Less
Gaussians,
Texture
More:
4K
Feed-Forward Textured Splatting
Existing feed-forward Gaussian Splatting methods can't scale to
4K.
LGTM is the first native
4K feed-forward method that predicts compact
textured Gaussians.
How LGTM Works
Existing feed-forward 3D Gaussian Splatting methods predict pixel-aligned primitives, leading to a quadratic growth in primitive count as resolution increases. This fundamentally limits their scalability, making high-resolution synthesis such as 4K intractable. Additionally, standard 3DGS couples appearance and geometry within each primitive, requiring excessive Gaussians to represent rich texture regions on geometrically simple surfaces.
We introduce LGTM, the first native 4K feed-forward textured Gaussians method for high-resolution novel view synthesis. LGTM supports native 4K inputs and predicts 4K output in a single feed-forward pass. LGTM jointly trains:
- Gaussian primitive network: Predicts a compact set of Gaussian primitives.
- Texture network: Processes high-resolution inputs to predict per-Gaussian RGBA texture maps.
By jointly training these networks, LGTM predicts compact Gaussian primitives with per-primitive textures. This decouples geometric complexity from rendering resolution, enabling high-fidelity 4K novel view synthesis without per-scene optimization, a capability previously intractable for feed-forward methods, all while using significantly fewer Gaussian primitives.
Key Advantages of LGTM
- Native 4K feed-forward reconstruction: First method to support native 4K inputs and predict 4K output in a single feed-forward pass without per-scene optimization.

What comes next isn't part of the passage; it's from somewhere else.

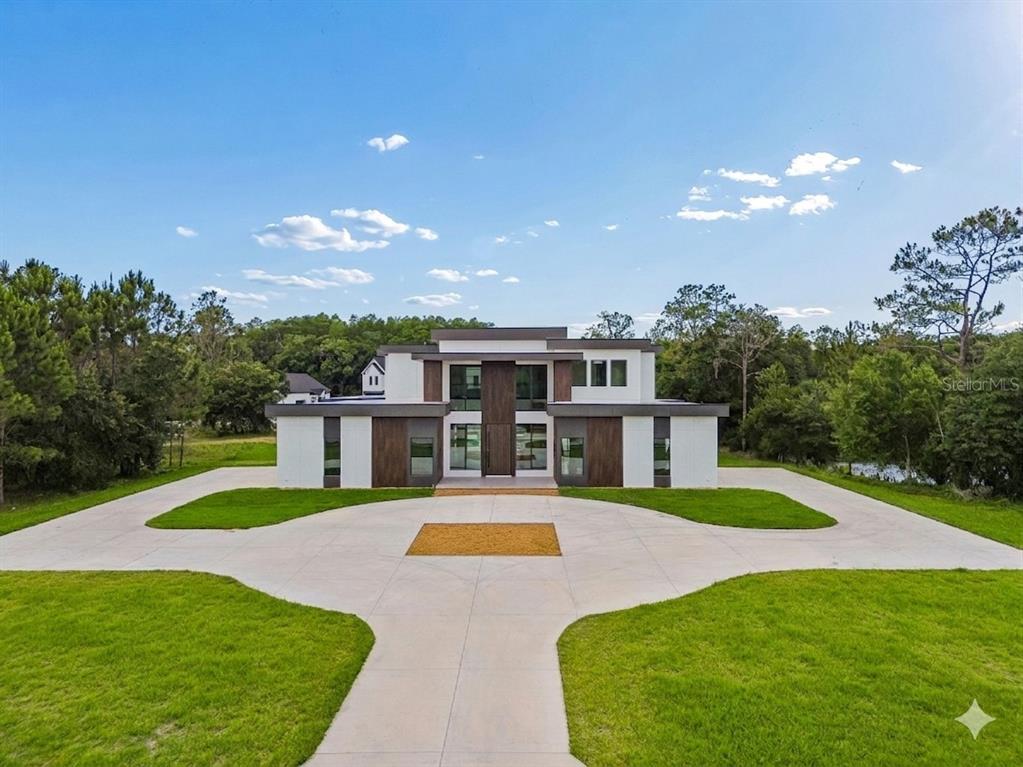 144 KEYSTONE PALMS BOULEVARD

- Significantly fewer primitives: Achieves high-quality rendering with much fewer Gaussian primitives compared to existing methods, improving both efficiency and scalability.
- Broadly applicable: Works with various baseline methods including monocular, two-view, and multi-view settings, with or without known camera poses.
- Superior visual quality: Consistently outperforms baselines with sharper details and better texture reproduction.